A tie for this month:
>> A Google search on the two words 'dinosaurs' and
>> 'gravity' now turns up nearly 60,000
>So? A search on "dinosaurs porn" brings over 70,000 results. Does
>this mean that the dinosaurs were driven to extinction by excessive

>> Luckily though, they had an excellent lunch program though. Pi was
>> had by all. So much pi was laying around that they made wagon wheels
>> out of it at recess
> But they only got the cheaper biblical version, equal to 3. Their
> wagons did not roll all that well.
> "Rollin *thud* rollin *thud* rollin...
> Keep them *thud* dogies *thud* rollin'...
> Raw deal..."


> Sigh. Sometimes I wish *I* was batshit insane. Life would be so
> exciting, the world so full of wonders. Hills would conceal sleeping
> dinosaurs, trees would quote stock prices at me, and Jesus would be my
> invisible roommate. We would sing the duet from the Magic Flute
> together. "Pa-pa-pa-pa-pa-pa-Papagena!" Jesus would sing with an
> accent I couldn't place, his voice hoarse from smoking a dozen Romeo y
> Julieta coronas a day. Man, that hallucinatory Jesus, he sure would
> love his cigars! He would tell me to love my neighbor, to honor my
> mother and father, and to see how many Hummers we could set on fire
> before the cops caught up with us. In the back of the police car,
> Jesus would make funny faces to crack me up.

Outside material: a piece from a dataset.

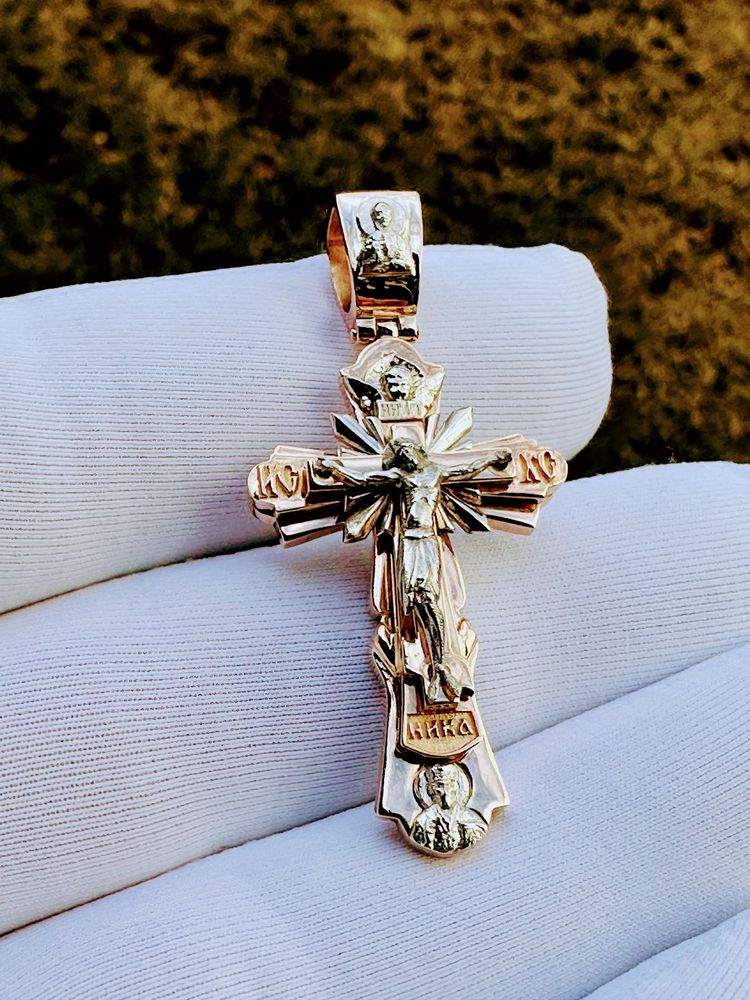 ✨Cross Jesus Pendant -（ BUY 2 FREE SHIPPING)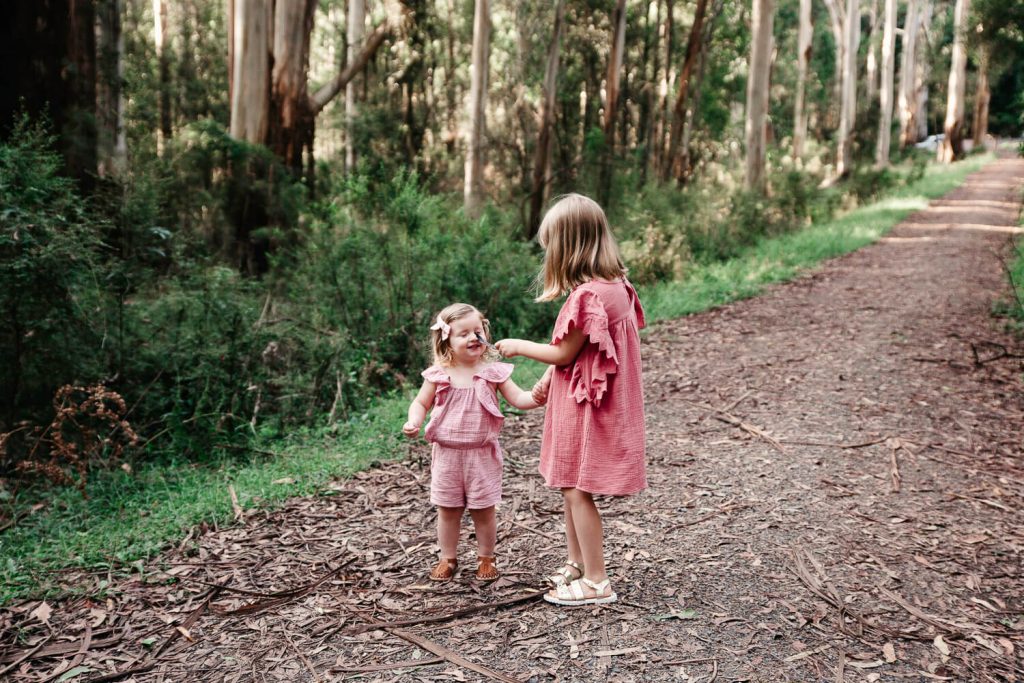 Family, Wedding & Newborn Photographer in Melbourne | Gill Juergens Photography | Magic at the foot of the hills | Gill Juergens Photography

> Actually, what is possible is that radioactive elements (heavy
> elements) would have settled to the bottom. They would have created
> the necessary heat that could have exploded the gas and fossil fuels
> under the ground, thus causing volcanoes and igneous rock.
> Which brings up another point. Obsidian is rock that has been burned
> at tremendous levels of heat. If the earth started as a molten ball
> of substance that spun out of the sun, then why aren't all rocks,
> excepting metals, obsidian? I mean, you can take rock and burn it
> today. If everything started out as burnt, why can you still burn
> rock? Unless maybe the earth really did not come out of the sun.


>> >> The book of Job talks about a creature called "behemoth". Many
> >> YEC's claim that this is a dinosaur. I guess they missed the
> >> phrase "and his force is in the navel of his belly." Notice the
> >> word "navel" in there? Dinosaurs were egg-layers. Creature that
> >> hatch from eggs don't have navels.
> >> I was having the E vs C argument with someone in another forum and
> >> he claimed that the behemoth description fit the description of a
> >> brontosaurus, when I noticed the mention of the navel. I thought
> >> that was a perfect refutation of the claim.
> >
> >
> > Does anyone think it might be a moth?
> Maybe "moves like a cedar" refers to the tree it was nailed to.


Oh lord:

Our lager,
Which art in barrels,
Hallowed be thy drink.
Thy will be drunk, (I will be drunk),
In bars as it is in taverns.
Give us this day a foamy head.
And forgive us our spillage,
As we forgive those who spill against us.
And lead us not into incarceration,
but deliver us from hangovers,
For thine is the beer, the bitter, and the lager.